Discurriendo por las calles del casco antiguo me encontré en la plazuela de la catedral y, como ví la puerta abierta, se me ocurrió hacer una visita. Ingenuo de mí creía que el acceso sería gratuito pero había que franquear una taquilla. Si no recuerdo mal la visita costaba seis euros. Abandoné la idea de entrar en el templo y seguí deambulando.

Encontré estas veteranas calles más o menos como las había dejado hace una decena de años. Estaba muy cansado, gracias al madrugón que me había recetado para coger el autobús. Decidí entrar en un café a tomar un té verde, pero, tras unos minutos en los que fui el hombre invisible para los camareros que atendían el mostrador decidí irme.

La librería estaba a cinco minutos. La atendía una agradable joven de pelo corto cuya cabeza lanzaba bonitos destellos azules. La saludé con retraso pues las últimas adquisiciones estaban justo en la entrada y me demoré en ellas unos minutos.

En la sala estuve husmeando las estanterías durante media hora. Constaté que los baldas inferiores ya han quedado fuera de mi alcance pues, si me agacho para revisarlas, corro el riesgo de levantarme dificultosa y dolorosamente. Como la ordenación de los libros se suele hacer por orden alfabético puede decirse que a partir de la “o” y hasta la “z” me lo pierdo todo. Menos mal que ya estoy resignado…

Los dos kilómetros que me separaban de la estación de autobuses, debido al cansancio acumulado, fueron bastante penosos, amén de la llovizna que no cesaba. El paraguas empezó a dar signos de inutilidad flagrante y se convirtió en un problema añadido. Además, no me había tomado mi té verde de media tarde.

Por fin, ya en las proximidades de la estación me introduje en un pequeño café y me instalé en una mesita de cara a la calle y bajo una pantalla de televisión que emitía videos musicales de Fito y los Fitipaldis. 

Estaba tan cansado que durante veinte minutos no hice otra cosa que beber mi té, mirar por la cristalera, reposar y escuchar al animoso Fito.

A la salida arreciaba la lluvia y el paraguas se dió la vuelta con el viento.

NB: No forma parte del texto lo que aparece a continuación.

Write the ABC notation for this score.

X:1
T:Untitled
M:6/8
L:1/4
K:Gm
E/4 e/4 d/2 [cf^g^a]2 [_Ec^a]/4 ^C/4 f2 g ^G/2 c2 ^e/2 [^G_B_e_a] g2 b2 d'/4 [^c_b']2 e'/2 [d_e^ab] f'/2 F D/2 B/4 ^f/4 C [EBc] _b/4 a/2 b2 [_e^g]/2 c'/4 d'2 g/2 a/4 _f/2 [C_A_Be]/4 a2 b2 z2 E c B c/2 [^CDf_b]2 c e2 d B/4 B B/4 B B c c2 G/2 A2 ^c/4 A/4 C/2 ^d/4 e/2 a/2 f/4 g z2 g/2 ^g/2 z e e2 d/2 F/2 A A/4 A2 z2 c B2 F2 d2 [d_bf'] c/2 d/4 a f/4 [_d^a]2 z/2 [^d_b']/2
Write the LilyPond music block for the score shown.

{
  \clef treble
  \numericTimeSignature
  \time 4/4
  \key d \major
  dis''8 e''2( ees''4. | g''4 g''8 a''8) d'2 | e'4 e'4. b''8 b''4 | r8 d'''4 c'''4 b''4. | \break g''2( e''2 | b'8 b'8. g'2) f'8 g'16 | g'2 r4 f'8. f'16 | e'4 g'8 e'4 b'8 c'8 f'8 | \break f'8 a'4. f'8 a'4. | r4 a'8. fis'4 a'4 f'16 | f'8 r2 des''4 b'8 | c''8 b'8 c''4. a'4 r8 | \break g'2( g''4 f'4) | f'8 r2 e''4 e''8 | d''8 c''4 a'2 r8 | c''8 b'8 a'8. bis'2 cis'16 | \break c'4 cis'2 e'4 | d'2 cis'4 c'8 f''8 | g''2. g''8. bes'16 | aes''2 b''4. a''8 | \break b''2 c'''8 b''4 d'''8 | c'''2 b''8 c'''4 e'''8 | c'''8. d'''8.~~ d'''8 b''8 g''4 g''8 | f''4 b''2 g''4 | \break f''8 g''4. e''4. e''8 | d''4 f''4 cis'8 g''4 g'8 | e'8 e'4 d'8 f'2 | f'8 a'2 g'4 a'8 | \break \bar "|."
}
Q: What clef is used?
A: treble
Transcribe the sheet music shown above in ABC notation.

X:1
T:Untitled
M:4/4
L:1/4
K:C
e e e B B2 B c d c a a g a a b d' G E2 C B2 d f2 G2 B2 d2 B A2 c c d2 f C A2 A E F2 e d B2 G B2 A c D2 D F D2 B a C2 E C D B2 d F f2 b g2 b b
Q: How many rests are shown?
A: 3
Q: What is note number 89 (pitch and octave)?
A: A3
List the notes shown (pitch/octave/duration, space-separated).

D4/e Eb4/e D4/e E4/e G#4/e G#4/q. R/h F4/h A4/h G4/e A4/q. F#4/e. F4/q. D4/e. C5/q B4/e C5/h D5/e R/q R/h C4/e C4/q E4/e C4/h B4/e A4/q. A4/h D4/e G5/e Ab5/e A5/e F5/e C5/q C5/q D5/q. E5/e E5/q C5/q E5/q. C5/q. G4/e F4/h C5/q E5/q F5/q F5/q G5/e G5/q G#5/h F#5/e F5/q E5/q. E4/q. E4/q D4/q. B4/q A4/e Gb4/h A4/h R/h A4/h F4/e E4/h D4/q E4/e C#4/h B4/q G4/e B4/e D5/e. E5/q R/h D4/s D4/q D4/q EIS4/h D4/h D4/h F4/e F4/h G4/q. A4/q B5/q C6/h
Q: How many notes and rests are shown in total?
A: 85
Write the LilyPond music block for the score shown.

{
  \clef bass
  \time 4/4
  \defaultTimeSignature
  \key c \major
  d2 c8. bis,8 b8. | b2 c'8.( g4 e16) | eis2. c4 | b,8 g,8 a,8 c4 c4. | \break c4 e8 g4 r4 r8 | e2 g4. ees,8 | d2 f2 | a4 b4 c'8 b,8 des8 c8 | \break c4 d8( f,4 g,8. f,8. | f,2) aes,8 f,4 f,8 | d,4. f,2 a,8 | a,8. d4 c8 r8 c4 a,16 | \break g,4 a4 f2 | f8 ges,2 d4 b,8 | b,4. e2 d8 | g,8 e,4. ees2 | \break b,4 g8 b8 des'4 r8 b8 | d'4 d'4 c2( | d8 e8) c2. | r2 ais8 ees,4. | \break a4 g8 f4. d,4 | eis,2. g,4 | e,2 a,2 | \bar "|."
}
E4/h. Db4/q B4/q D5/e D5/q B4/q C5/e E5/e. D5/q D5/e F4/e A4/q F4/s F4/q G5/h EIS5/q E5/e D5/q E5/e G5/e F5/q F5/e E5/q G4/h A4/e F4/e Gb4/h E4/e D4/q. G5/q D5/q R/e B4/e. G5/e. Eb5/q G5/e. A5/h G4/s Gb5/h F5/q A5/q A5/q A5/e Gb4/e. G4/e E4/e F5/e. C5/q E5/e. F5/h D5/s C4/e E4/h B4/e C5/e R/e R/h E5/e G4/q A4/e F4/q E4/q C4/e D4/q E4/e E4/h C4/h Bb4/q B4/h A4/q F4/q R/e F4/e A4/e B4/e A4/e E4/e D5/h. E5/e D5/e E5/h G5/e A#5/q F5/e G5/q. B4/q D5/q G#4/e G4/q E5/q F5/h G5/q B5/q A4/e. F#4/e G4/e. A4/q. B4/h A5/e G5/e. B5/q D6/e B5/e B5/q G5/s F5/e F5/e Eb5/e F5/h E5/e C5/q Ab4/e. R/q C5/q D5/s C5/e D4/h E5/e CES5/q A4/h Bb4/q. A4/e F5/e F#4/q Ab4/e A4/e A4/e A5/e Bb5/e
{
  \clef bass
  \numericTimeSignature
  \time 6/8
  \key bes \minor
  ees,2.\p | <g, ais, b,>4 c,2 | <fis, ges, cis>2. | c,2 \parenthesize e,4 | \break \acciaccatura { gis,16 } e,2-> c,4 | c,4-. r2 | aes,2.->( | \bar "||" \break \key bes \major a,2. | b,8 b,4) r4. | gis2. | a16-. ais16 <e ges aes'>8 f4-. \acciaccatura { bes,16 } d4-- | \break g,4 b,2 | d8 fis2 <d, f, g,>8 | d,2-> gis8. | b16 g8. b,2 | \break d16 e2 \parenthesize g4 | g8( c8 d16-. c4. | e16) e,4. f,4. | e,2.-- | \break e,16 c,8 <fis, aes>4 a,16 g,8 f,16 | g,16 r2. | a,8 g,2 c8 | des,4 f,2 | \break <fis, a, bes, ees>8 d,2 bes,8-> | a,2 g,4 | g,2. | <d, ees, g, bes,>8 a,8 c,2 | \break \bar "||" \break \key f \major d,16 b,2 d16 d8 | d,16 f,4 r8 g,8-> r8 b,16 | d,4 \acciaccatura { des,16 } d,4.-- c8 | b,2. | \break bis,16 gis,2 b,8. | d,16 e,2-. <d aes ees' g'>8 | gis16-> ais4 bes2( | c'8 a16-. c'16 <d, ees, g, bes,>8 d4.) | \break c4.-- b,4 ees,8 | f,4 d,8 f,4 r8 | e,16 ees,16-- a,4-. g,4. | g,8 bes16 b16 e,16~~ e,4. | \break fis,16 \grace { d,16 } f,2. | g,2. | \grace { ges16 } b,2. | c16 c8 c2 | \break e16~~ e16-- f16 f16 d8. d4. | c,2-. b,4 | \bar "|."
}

Estuve a punto de arrojarlo en un contenedor pero luego recordé que aún me quedaba hacer un transbordo y que podía necesitarlo, como así ocurrió.

Llegué con el tiempo justo y, pese a entrar de los últimos en el autobús conseguí un asiento en la segunda fila y, además, nadie se sentó a mi lado, lo que agradecí pues los autobuses de hoy parecen haber sido diseñados para niños pequeños.

Tuve la suerte de que el conductor permitió que mantuviera encendida la lamparilla sobre mi cabeza (muchos la apagan) y, de esta forma, puede hojear los dos libritos que había adquirido. Uno de ellos, el Don Juan, de Azorín, ya lo había leído, e incluso creo que ya lo tenía en mi biblioteca, pero aún así me gustó releerlo.

Al otro ejemplar –una edición no venal de las greguerías de Ramón Gómez de la Serna– también le dediqué un rato. Me gustó más de lo que me imaginaba pues de joven las greguerías me parecían un poco artificiales.

Uno de los problemas de la juventud es la precipitación en nuestros juicios, fruto, imagino, de la precipitación propia de esa edad.

Cuando llegué a casa tiré el paraguas a la basura.